-------- Dataset excerpts

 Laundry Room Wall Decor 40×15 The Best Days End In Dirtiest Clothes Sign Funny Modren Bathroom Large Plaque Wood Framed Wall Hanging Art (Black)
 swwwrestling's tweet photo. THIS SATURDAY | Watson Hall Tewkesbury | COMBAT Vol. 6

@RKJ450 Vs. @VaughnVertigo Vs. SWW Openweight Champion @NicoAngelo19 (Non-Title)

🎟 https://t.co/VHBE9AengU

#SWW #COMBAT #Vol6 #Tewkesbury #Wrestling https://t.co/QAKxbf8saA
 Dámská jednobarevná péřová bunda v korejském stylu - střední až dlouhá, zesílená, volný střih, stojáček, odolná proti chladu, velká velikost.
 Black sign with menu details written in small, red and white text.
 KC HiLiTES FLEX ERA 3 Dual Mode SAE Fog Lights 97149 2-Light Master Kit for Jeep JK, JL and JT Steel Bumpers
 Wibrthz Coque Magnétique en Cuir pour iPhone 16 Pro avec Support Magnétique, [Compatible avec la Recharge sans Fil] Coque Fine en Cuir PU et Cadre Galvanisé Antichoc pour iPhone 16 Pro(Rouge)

----------------
-------- Dataset excerpts

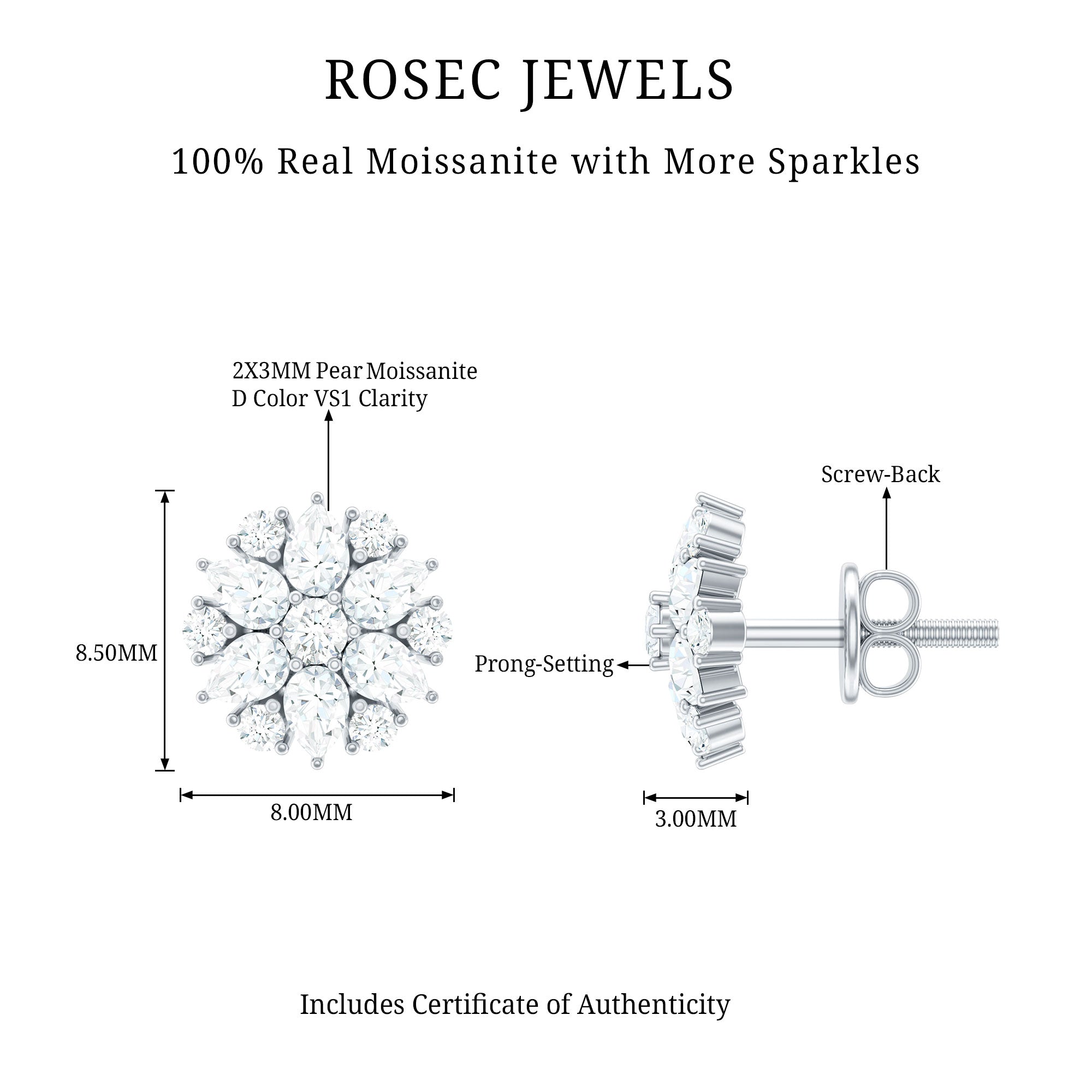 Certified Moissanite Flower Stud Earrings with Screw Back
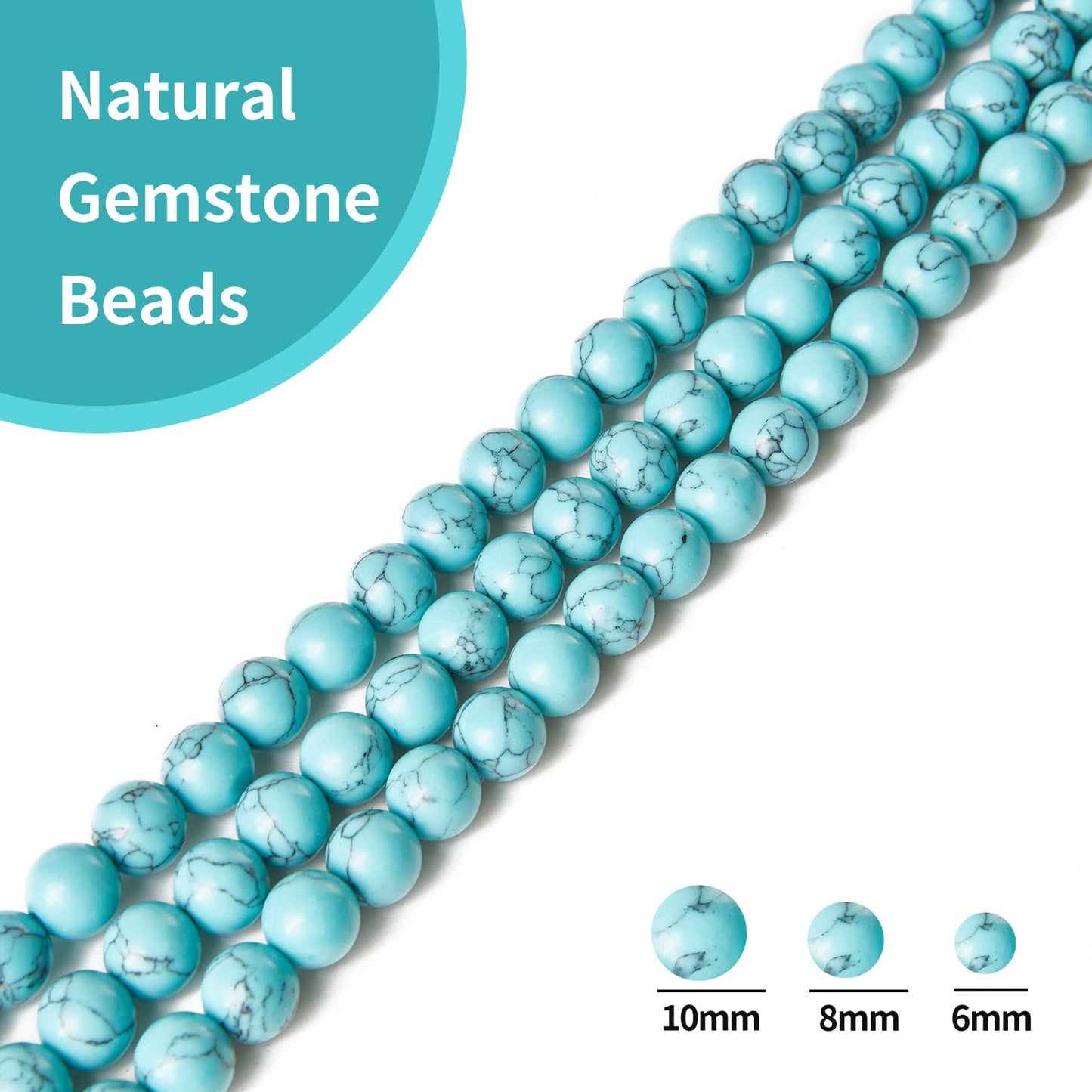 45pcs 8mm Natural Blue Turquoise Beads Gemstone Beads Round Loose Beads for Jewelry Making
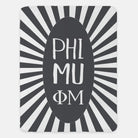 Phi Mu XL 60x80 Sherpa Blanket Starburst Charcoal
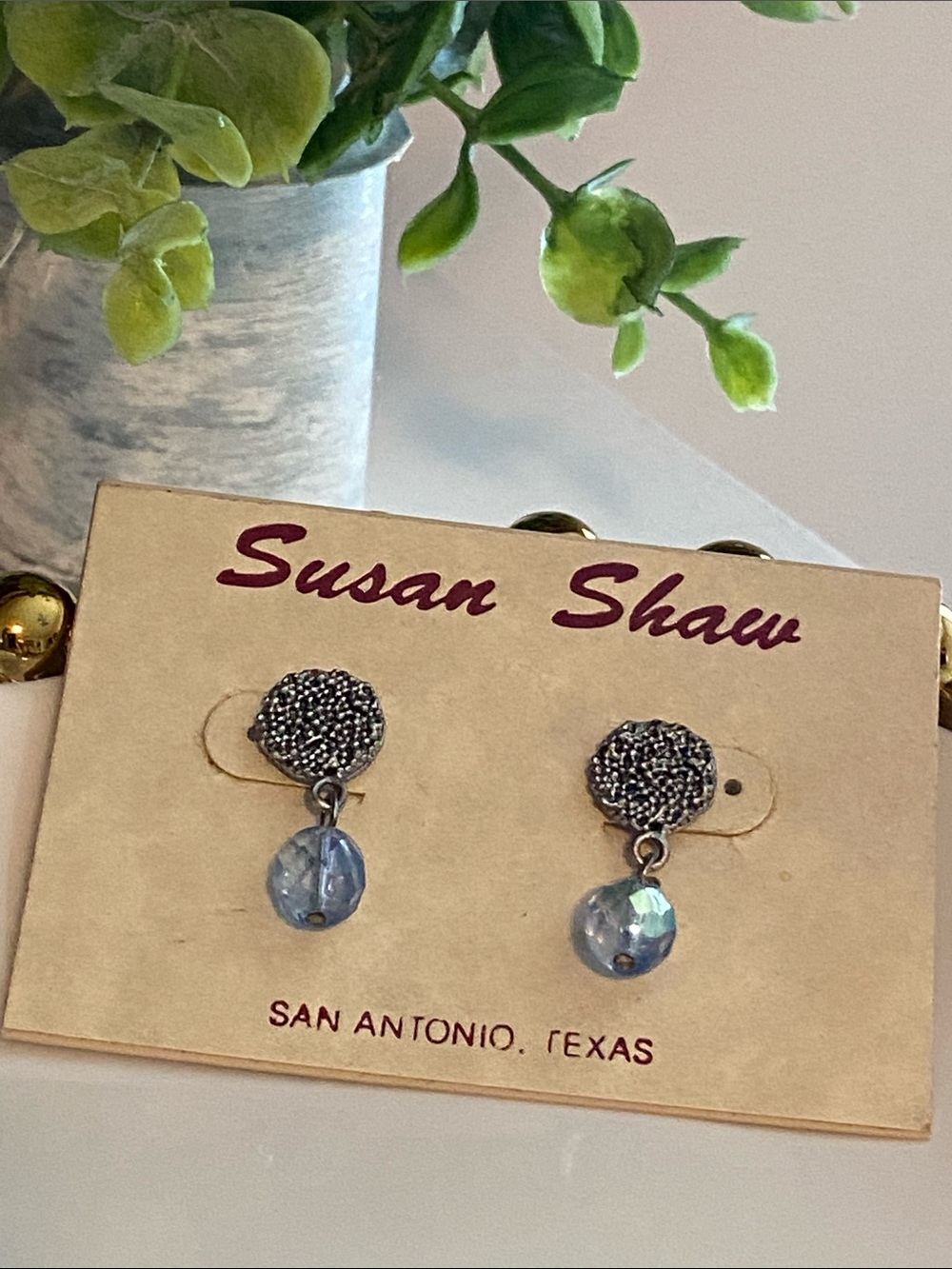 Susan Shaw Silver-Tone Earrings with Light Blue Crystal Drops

----------------

What is required: Among the entries above, take the line with "Certified Moissanite Flower", the line with "Phi Mu XL 60x80", and all the lines between them, and restate them word for word without pictures.

Response to this exercise:
 Certified Moissanite Flower Stud Earrings with Screw Back
 45pcs 8mm Natural Blue Turquoise Beads Gemstone Beads Round Loose Beads for Jewelry Making
 Phi Mu XL 60x80 Sherpa Blanket Starburst Charcoal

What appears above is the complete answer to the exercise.